The split between business at large and covert organizations kind of encapsulates the Linux issue for me. If you know what you're doing and want total control, get Linux. If you just want a tool that works and don't want to think about it too hard, pay for software.
Unfortunately, from here on out I think my responses may be a lot of "don't knock it til you've tried it." Oh, well.
The thing about tech-support by Google is that in my experience with Ubuntu, the first result always contains my answer. This is only true because Canonical designated an official community support forum from the get-go. I used Google for Windows troubleshooting, too, and that involved paging through lots of (often bad) advice from Yahoo! Answers, pay-walled tech support sites, and so on. This is a resource that's just not available to Windows users. Though to be fair, the Ubuntu search results would likely be more spammy if it was a more popular OS, and I honestly can't speak to other flavors of Linux.
I think your non-techie and my non-techie are pretty much the same person -- somebody is thankful when the computer just does what they want it to do.

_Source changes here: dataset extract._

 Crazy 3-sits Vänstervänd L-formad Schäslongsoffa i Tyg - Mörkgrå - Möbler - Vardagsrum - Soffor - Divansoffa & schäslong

This kind of person will need occasional help no matter what OS they use, but I think they'll need less of help in Linux than in Windows. This is an abstract thing and difficult for me to explain without being able to sit down with you in front of two laptops, but I'll try. Linux and Windows are both comprised of hundreds of components designed by hundreds of people, but Linux tends not to feel that way. Meanwhile, Windows has a million sometimes-it-works-like-this-but-not-always idiosyncracies. That undefinable something that makes Mac users so smug about the superiority of their OS? Linux tends to have that, too.
Re: security. You're right that Linux (and Mac) don't have enough adoption for anybody to target them on a large scale. I believe Linux has the advantage, however, in that its user base contains a significant contingent of neckbeardy security professionals and genuine tin-foil-hat wackos who are actively trying to find and plug the holes in Linux. Windows has them too, but Microsoft (and Apple) have an incentive to ignore security holes because deploying a fix costs reputation and money. Open-source software doesn't have this problem because profits and patents don't enter the picture. More eyes looking at your code equals more squashed bugs.
Linux has an additional layer of security in that permission to mess with the more delicate parts of the system is withheld by default. Malicious software can bypass Windows' security, but sooner or later malicious software in Linux will need to be granted explicit permission by the user to do its thing:
"Application _________ is attempting to _________, which is an action normally restricted to administrative users. Please enter your password to confirm this action, or cancel to deny access."
That message might look daunting to the computer illiterate, but they'd never see it unless they started deliberately playing with administrative settings.